Myclobutanil is a “conazole class fungicide.”
This fungicide is heavily used to control fungi affecting grapes, largely in California. California accounts for around 50% of all use of Myclobutanil in the US and has a number of other applications, used mainly with food and crops.
Myclobutanil has also been found to be used as a pesticide on marijuana.
According to Colorado Green Lab, “the passage of pesticides into the bloodstream varies considerably between inhalation and ingestion routes of exposure, and the application of high temperature is known to alter the chemical composition of myclobutanil.”
Though myclobutanil is stable at room temperature, it releases highly toxic gas if heated past its boiling point (205°C/401°F). (Commonly used to ignite marijuana during consumption, disposable butane lighters can produce temperatures of 450°C+)
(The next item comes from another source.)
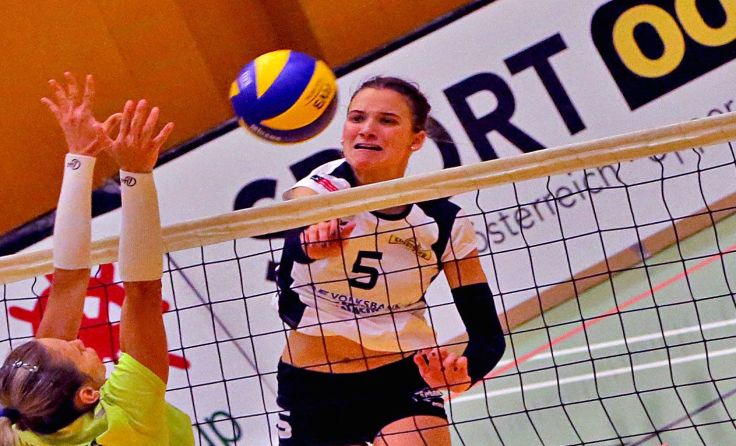 Co-Kapitänin Sophie Maass (hi.) spielte mit Linz-Steg in Tirol auf. Foto: Askö/Plohe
Chemical structure of myclobutanil and decomposition products
“As Myclobutanil decomposes, triazole, cyanide and chlorine moieties are released and form toxic gases, including hydrogen cyanide (HCN) and hydrochloric gas…Chronic exposure to dilute hydrogen cyanide (ex. 0.008 parts per million) is not immediately deadly, but is known to cause serious neurological, respiratory, cardiovascular, and thyroid problems. Cannabis retaining even marginal amounts of myclobutanil (ex. 0.03 ppm) could potentially expose consumers to non-lethal, but clinically relevant levels of HCN.”